Pictures are to be dropped, and only the lines from the one containing "Diamante Natural 0.50" through the end of the data below are to be reproduced as written.

─── Source data

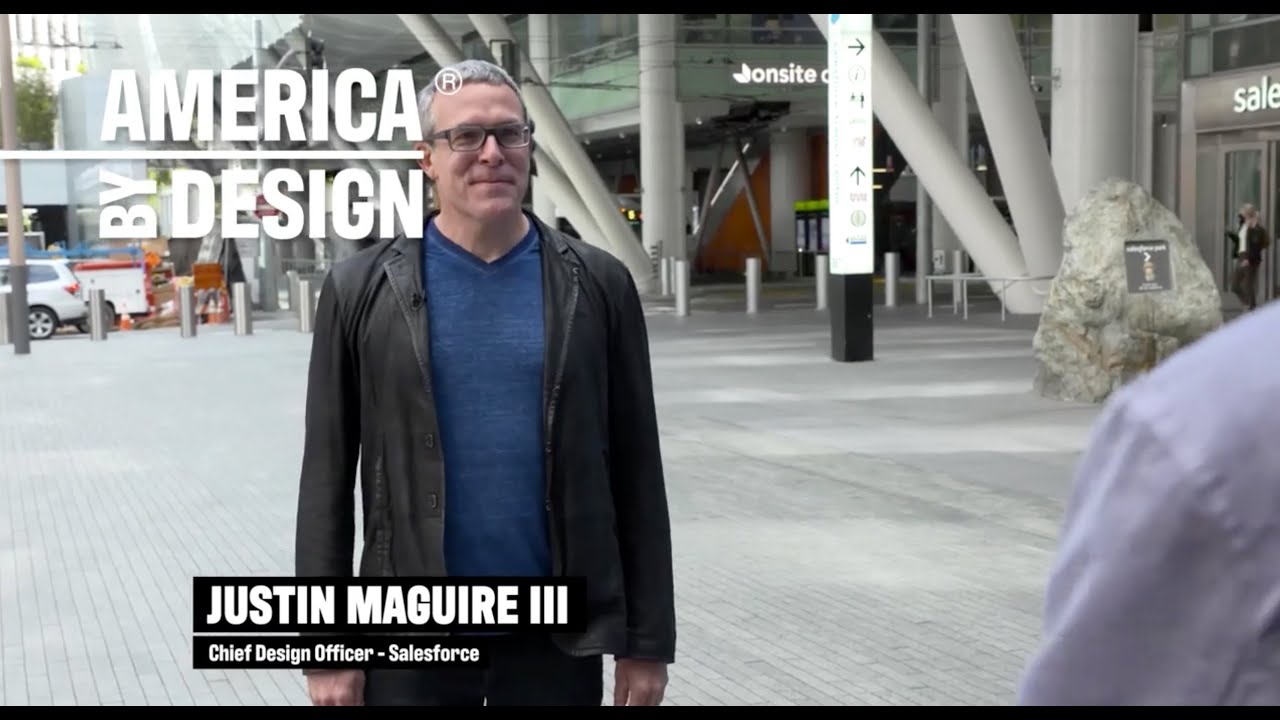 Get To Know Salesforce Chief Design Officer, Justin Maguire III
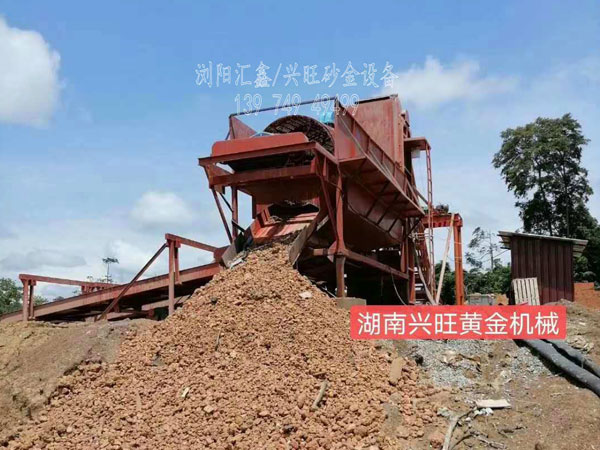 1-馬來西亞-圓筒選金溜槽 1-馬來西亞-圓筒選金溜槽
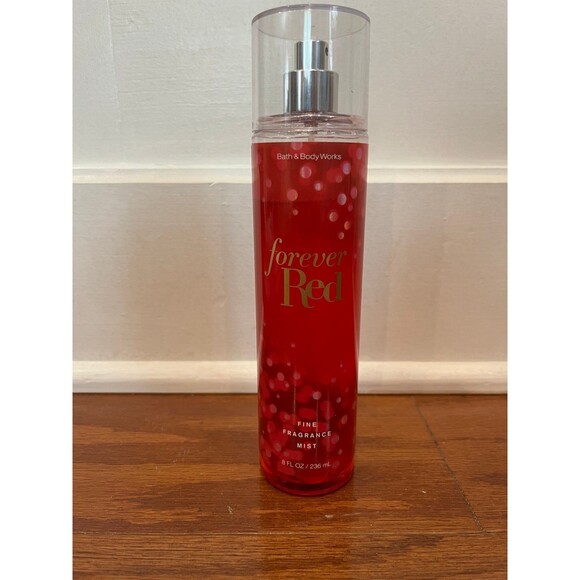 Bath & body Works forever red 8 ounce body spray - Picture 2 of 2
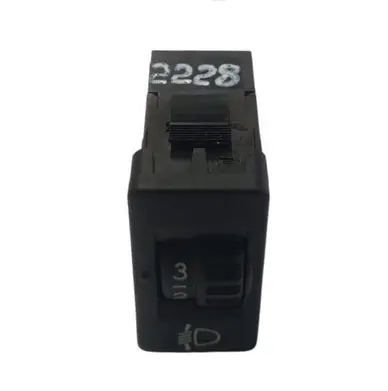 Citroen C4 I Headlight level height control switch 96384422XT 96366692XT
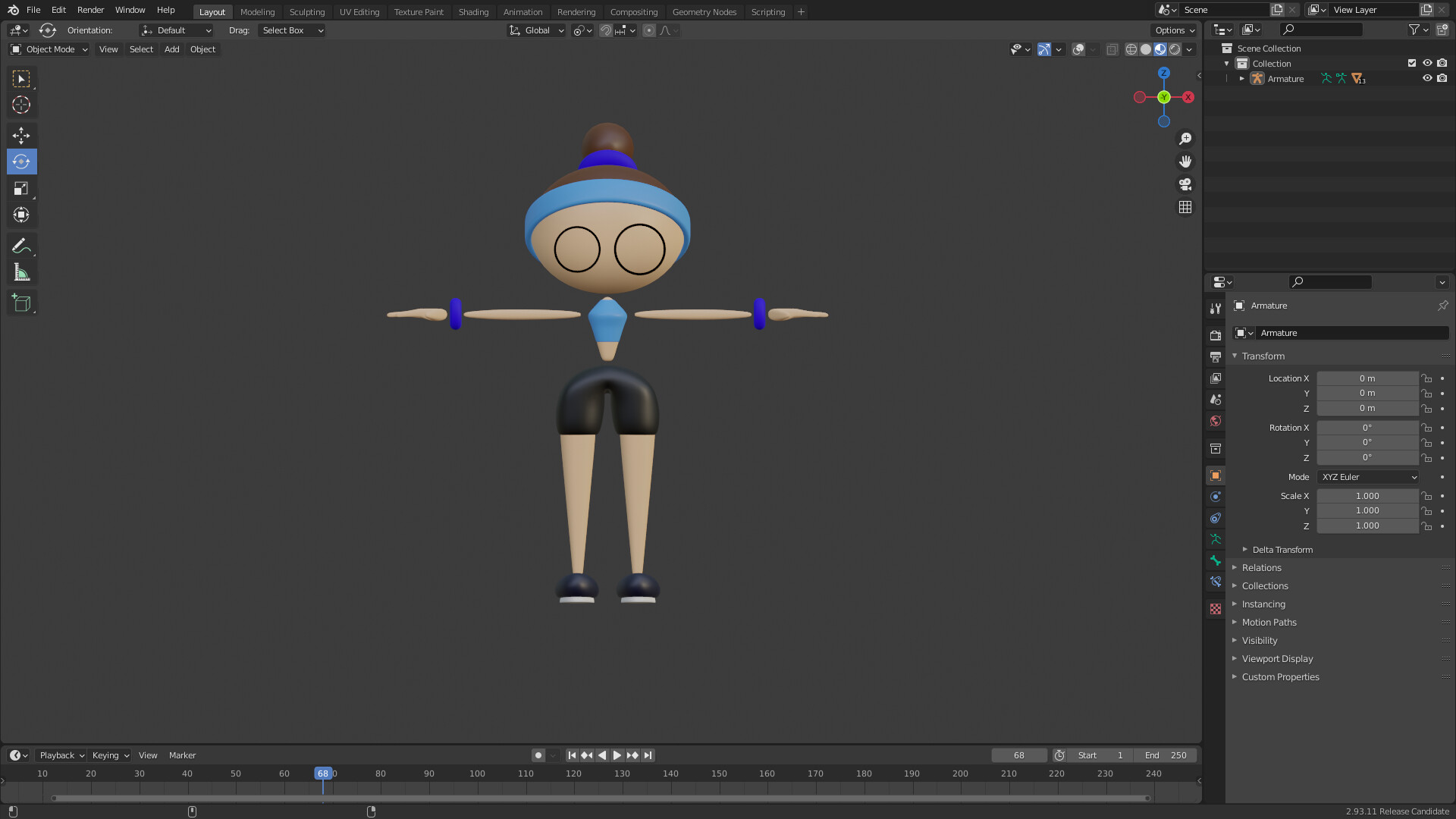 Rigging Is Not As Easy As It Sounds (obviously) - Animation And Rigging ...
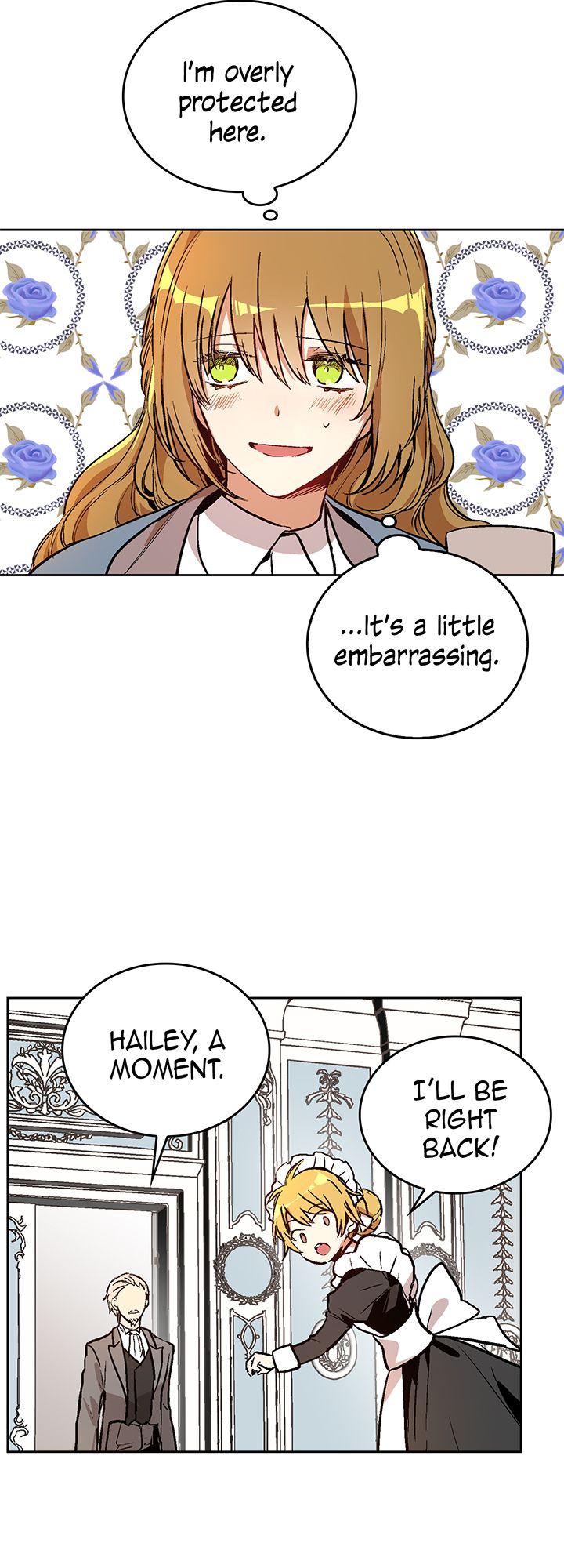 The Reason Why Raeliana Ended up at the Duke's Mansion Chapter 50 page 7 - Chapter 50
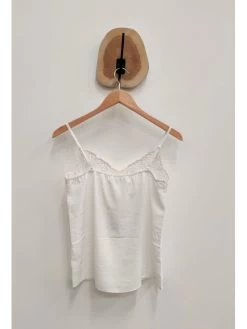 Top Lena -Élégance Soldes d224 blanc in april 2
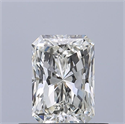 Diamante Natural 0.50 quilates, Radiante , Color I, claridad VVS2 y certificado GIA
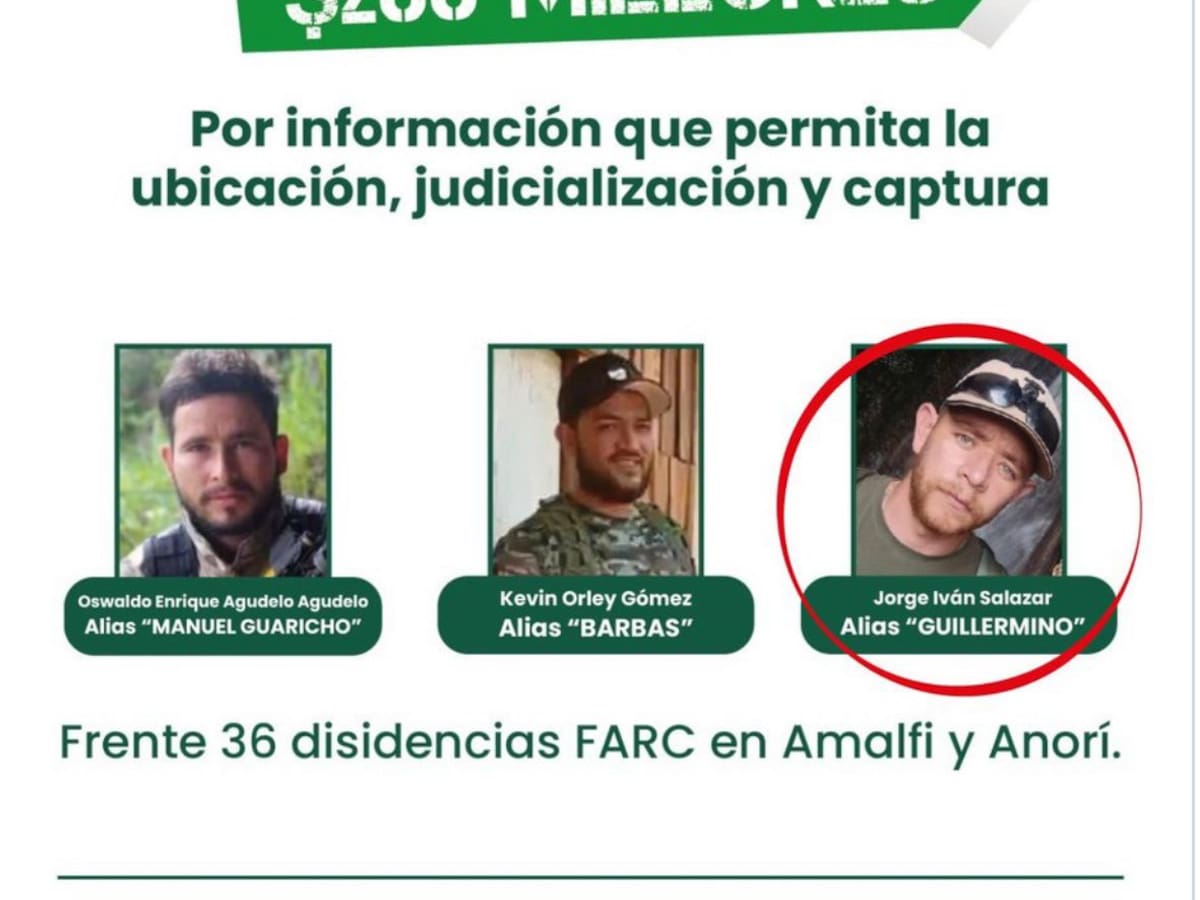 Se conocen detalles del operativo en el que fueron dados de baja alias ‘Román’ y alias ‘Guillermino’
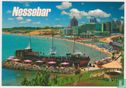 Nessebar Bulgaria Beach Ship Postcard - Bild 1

──────

§ Response:
 Diamante Natural 0.50 quilates, Radiante , Color I, claridad VVS2 y certificado GIA
 Se conocen detalles del operativo en el que fueron dados de baja alias ‘Román’ y alias ‘Guillermino’
 Nessebar Bulgaria Beach Ship Postcard - Bild 1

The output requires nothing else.